A typical Tennessee football game lasts three hours, yet the key to most games lasts just three seconds.

If Vol defenders can get to the opposing quarterback in that amount of time, they figure he'll either take a sack or throw the ball so hurriedly that it will be intercepted or fall incomplete. Should the QB get four seconds or more, however, that gives him time to scan the field and find his most open receiver. This puts considerable pressure on Tennessee's secondary, so limiting the quarterback to three seconds in the pocket can make life much easier for Vol defensive backs.

"It'll help a lot," said senior defensive end Robert Ayers, UT's best pass rusher. "Right now the secondary looks like it's the strength of the team. We want to help those guys not have to cover four or five seconds. We want them to cover no more than three seconds.

"If we get to the quarterback in three seconds and make him throw the ball, we feel like the talent we've got back there (secondary) will make plays. We don't want them to be in situations where they're running with a receiver for four, five or six seconds. That's not good. That'll get you beat."
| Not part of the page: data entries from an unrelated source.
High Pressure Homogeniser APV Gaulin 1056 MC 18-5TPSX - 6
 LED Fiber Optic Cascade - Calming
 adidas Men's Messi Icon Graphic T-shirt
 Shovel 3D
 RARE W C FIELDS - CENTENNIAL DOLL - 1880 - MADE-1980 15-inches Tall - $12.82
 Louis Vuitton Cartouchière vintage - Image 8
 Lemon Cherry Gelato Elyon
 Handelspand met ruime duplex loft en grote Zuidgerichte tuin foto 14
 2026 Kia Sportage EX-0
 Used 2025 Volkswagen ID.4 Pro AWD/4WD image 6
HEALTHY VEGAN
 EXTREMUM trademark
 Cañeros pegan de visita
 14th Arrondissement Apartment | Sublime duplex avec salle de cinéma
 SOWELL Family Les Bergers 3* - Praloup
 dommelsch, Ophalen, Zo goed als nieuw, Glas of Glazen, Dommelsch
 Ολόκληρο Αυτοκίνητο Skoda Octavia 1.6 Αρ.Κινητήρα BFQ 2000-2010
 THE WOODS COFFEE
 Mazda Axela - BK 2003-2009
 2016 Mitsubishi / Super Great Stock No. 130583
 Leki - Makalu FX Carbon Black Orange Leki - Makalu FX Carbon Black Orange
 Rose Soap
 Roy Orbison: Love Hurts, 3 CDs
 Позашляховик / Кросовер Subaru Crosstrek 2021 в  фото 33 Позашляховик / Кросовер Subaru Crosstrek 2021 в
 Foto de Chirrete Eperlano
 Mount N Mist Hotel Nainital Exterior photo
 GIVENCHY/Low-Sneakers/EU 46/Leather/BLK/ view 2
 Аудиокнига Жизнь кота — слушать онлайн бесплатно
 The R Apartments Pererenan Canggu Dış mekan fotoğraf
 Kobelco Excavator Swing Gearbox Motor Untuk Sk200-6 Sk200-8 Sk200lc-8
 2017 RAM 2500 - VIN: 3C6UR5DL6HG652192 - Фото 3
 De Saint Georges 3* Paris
Indeed. A weak pass rush contributed significantly to all four of Tennessee's 2007 losses. California completed 19 of 28 passes for 247 yards and two touchdowns in a 45-31 Game 1 pasting of UT. Florida completed 14 of 19 throws for 299 yards and two TDs in a 59-20 Game 3 annihilation of the Vols. Alabama completed 32 of 46 passes for 363 yards and three TDs in a 41-17 Game 7 drubbing of Tennessee. LSU completed 21 of 33 throws for 252 yards and a TD in beating the Vols 21-14 in the SEC Championship Game. The Big Orange managed one sack each against Alabama and LSU, zero against Cal and Florida.

Although Tennessee finished the '07 season with a half-decent total of 24 sacks, most of those came in three games – Kentucky (6), Arkansas State (4) and Wisconsin (3).

The obvious question: What must the front four do to upgrade its pass rush in 2008?

"Just come out every day in practice and listen to Coach Caldwell," Ayers said, referring to defensive ends coach Steve Caldwell. "He's one of the best coaches in the country ... So are Coach (Dan) Brooks, Coach (John) Chavis and Coach (Larry) Slade.

"If we just listen to our coaches in practice, everything else will fall into place. If we feed in to what they tell us and play as a unit, we'll be all right."

Of course, the Vol defense was "all right" last fall. Tennessee fans are hoping for better than that in 2008. Can the Vols deliver?

"You never know," Ayers said. "Every year you've got guys who are rated No. 1 that never turn out to be that way. And you've got guys who are the last of the bunch who turn out to be the best.

"We don't know what we've got compared to other schools. All we can do is go by what we see in practice. Come Sept. 1, we'll find out what we can do."